Live-data prototypes are a little tougher to explain, but they are absolutely critical and the cost of producing them is dropping rapidly so I’m loving them more all the time. The main purpose of a live-data prototype is to actually prove something – normally it’s to prove whether an idea (a feature, a design approach, a workflow) really works. In order to know this, we typically need to do two things. First, we need the prototype to access our real data sources – like actually search our live inventory and show products that are really available right now. Second, we need to be able to send live traffic, in quantity, to the prototype.

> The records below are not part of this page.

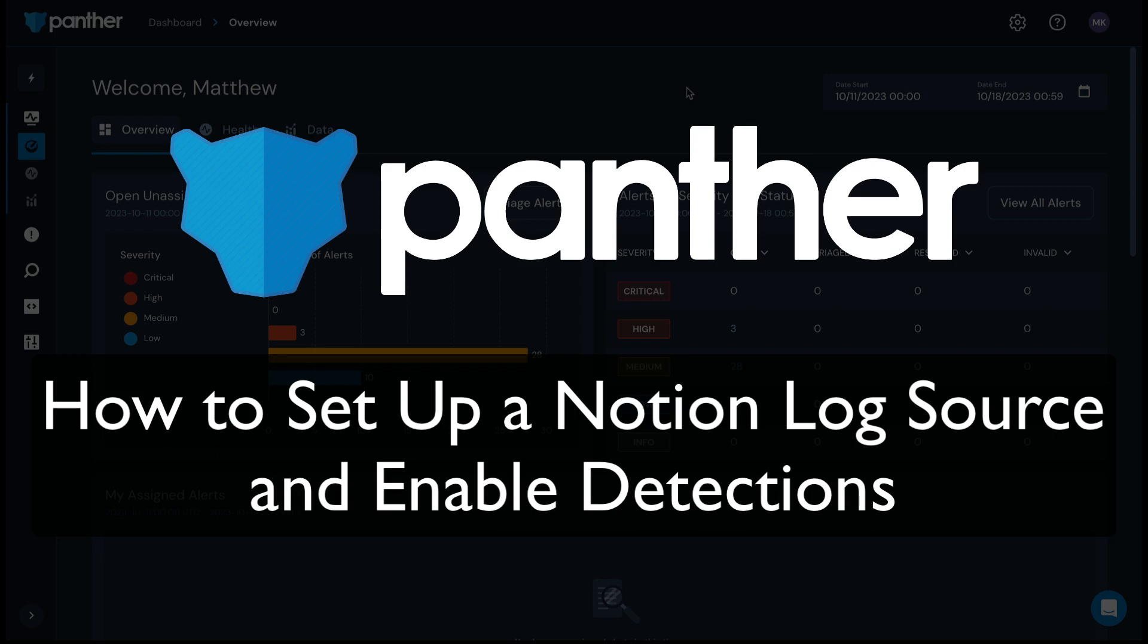Hi there, this is Matt from Panther. In this video, I'm going to show you how to set up a Notion log source for use with Panther and how to enable detections for Notion in just a few minutes.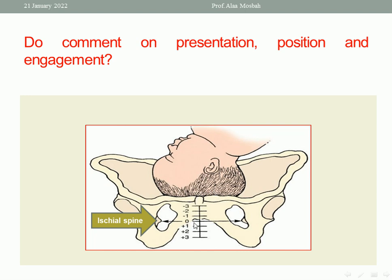Regarding engagement: the widest part of the presenting part reaching the level of the ischial spines is engagement. The definition of engagement is the passage of the transverse diameter of the presenting part through the plane of the pelvic inlet. When this happens, the lowermost part reaches the level of the ischial spines, which is station zero. So the answer is: cephalic vertex presentation, left occipital transverse, and the head is not engaged.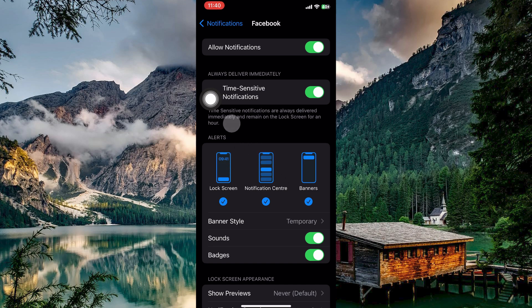So is it possible to see deleted notifications on iPhone? The answer is no. Unfortunately, there is no built-in way to see deleted notifications on iPhones. Once you dismiss a notification, it's gone for good. iOS doesn't store a history of past notifications.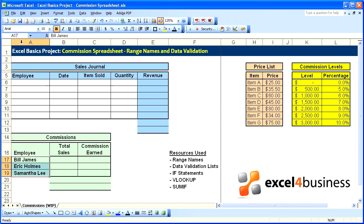We highlight their names, go to the little box up here that has our cell reference, and type our range name. I usually begin mine with double underscore — employees.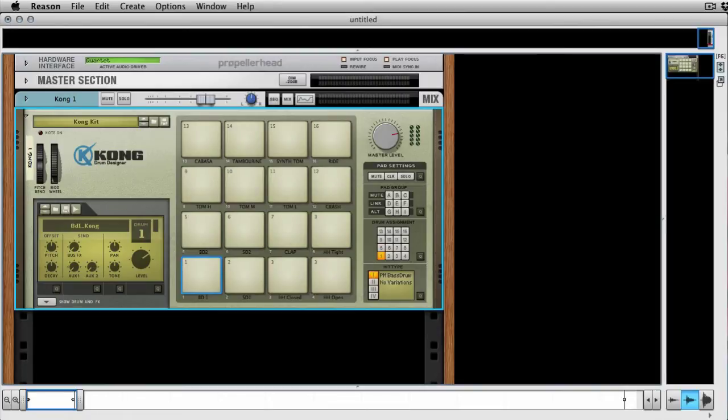Hi everyone, this is Mo Volans back for Tuts Plus and I'm going to be doing a couple of quick tips here. First one, you may have guessed, is on Kong in Reason.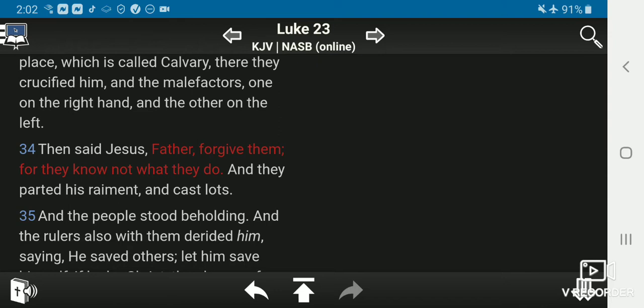After all I have done for them.' No, Jesus didn't say that. It says in verse 34, 'Then said Jesus, Father, forgive them for they know not what they do.' And they parted his raiment and cast lots.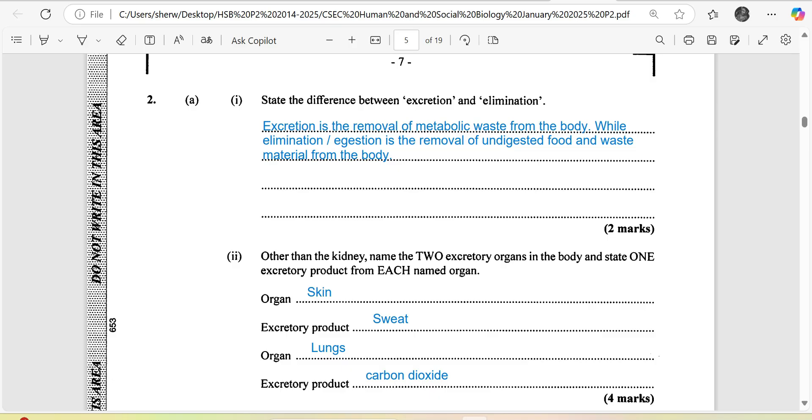Other than the kidney, name two excretory organs in the body and state one excretory product from each named organ. The organs are skin with sweat as the excretory product, and lungs with carbon dioxide as the excretory product.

The key is that we sure don’t want to have to build, test and deploy a real product in order to do this. That would take far too long, and cost far too much, and yield huge waste. And we don’t. A live-data prototype is a very limited implementation – typically just the critical use cases, and none of the “productization” that’s normally required like full use cases, test automation, SEO work, internationalization and localization, performance and scalability, etc. A live-data prototype is a fraction of the effort, but you get big value. You do have to keep in mind two big limitations. First, this is code so it requires your developers to create the live-data prototype and not your designers. Second, this is not a product, and you can’t run a business with it, so if the tests go well, you’ll still need to allow your engineers to take the time to productize the code.
[...] Normally we’ll test a live-data prototype in an A/B test, but we can also do an opt-in test or an invite-only test. The key is that real users will use the live-data prototype for real, and this will generate real data (analytics) that we can compare to our current product to see if this new approach actually performs better.